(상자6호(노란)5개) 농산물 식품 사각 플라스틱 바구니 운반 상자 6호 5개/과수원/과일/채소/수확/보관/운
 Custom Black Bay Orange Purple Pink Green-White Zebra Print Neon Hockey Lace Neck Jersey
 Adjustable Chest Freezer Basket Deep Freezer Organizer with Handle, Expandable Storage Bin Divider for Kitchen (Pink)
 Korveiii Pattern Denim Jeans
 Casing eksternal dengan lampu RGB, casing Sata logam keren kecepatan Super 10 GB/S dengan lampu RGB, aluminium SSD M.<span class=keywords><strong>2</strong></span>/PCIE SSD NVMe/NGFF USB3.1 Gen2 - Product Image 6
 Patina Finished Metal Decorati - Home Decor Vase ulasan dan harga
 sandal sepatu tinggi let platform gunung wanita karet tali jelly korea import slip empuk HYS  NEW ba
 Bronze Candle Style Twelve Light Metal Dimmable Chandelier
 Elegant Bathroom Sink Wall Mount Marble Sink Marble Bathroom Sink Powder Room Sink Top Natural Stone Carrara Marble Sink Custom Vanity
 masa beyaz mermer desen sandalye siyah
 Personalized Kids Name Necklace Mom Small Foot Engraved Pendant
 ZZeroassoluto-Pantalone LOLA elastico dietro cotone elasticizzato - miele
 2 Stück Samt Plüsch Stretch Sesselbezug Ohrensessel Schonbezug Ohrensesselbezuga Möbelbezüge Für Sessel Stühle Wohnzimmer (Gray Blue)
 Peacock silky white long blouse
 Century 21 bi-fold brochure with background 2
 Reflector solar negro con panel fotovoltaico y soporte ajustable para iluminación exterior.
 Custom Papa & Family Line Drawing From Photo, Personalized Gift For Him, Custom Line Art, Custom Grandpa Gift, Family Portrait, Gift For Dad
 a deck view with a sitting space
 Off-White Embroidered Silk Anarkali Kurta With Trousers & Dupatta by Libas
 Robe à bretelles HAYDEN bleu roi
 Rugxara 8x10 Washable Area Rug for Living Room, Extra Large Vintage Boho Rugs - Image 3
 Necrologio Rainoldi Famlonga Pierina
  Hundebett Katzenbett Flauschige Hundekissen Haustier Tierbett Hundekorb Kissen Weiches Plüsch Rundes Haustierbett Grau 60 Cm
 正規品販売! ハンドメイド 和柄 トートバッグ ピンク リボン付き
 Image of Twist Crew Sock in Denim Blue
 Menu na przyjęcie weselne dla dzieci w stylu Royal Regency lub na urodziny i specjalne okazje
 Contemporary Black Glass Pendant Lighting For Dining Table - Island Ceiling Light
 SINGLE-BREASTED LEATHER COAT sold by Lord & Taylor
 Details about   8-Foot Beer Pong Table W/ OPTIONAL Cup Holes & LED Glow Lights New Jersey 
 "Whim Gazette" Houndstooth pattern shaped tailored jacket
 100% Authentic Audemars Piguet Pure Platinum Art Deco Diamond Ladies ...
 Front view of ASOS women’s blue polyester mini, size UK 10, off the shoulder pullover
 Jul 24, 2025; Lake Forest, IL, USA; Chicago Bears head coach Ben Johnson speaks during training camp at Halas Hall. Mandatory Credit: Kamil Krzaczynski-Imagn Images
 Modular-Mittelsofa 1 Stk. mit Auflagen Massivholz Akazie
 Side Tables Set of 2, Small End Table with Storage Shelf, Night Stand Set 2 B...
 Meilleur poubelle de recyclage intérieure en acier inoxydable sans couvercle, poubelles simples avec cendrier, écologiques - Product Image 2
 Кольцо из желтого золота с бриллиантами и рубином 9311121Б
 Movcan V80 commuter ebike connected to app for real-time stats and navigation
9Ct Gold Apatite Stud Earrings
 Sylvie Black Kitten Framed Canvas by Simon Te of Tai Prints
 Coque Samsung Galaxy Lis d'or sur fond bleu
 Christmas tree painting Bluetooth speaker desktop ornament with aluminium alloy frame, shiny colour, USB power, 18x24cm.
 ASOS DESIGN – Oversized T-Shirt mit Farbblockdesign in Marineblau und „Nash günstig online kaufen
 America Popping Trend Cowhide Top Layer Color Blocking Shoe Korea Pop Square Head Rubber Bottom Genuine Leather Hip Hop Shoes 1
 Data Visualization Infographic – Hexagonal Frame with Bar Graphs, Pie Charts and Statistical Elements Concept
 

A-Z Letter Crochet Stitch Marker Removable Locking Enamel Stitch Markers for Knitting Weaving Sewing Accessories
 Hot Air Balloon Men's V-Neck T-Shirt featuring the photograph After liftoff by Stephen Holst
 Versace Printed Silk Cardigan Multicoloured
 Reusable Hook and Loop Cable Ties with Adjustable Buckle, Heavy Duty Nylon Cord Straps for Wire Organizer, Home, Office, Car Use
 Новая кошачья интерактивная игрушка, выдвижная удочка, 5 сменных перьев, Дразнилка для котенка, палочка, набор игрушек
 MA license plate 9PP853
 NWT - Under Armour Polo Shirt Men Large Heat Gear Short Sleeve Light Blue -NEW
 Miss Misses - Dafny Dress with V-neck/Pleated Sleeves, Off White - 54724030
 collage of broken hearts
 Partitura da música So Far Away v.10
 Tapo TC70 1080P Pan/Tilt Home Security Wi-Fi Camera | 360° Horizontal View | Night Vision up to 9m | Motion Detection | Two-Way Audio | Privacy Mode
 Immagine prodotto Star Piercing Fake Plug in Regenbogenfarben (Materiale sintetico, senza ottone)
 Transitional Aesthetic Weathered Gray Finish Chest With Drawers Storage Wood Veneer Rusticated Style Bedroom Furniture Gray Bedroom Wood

The task
Starting at the first line of the material above, reproduce each line exactly up to and including the line with "masa beyaz mermer desen sandalye siyah".

Task answer
(상자6호(노란)5개) 농산물 식품 사각 플라스틱 바구니 운반 상자 6호 5개/과수원/과일/채소/수확/보관/운
 Custom Black Bay Orange Purple Pink Green-White Zebra Print Neon Hockey Lace Neck Jersey
 Adjustable Chest Freezer Basket Deep Freezer Organizer with Handle, Expandable Storage Bin Divider for Kitchen (Pink)
 Korveiii Pattern Denim Jeans
 Casing eksternal dengan lampu RGB, casing Sata logam keren kecepatan Super 10 GB/S dengan lampu RGB, aluminium SSD M.<span class=keywords><strong>2</strong></span>/PCIE SSD NVMe/NGFF USB3.1 Gen2 - Product Image 6
 Patina Finished Metal Decorati - Home Decor Vase ulasan dan harga
 sandal sepatu tinggi let platform gunung wanita karet tali jelly korea import slip empuk HYS  NEW ba
 Bronze Candle Style Twelve Light Metal Dimmable Chandelier
 Elegant Bathroom Sink Wall Mount Marble Sink Marble Bathroom Sink Powder Room Sink Top Natural Stone Carrara Marble Sink Custom Vanity
 masa beyaz mermer desen sandalye siyah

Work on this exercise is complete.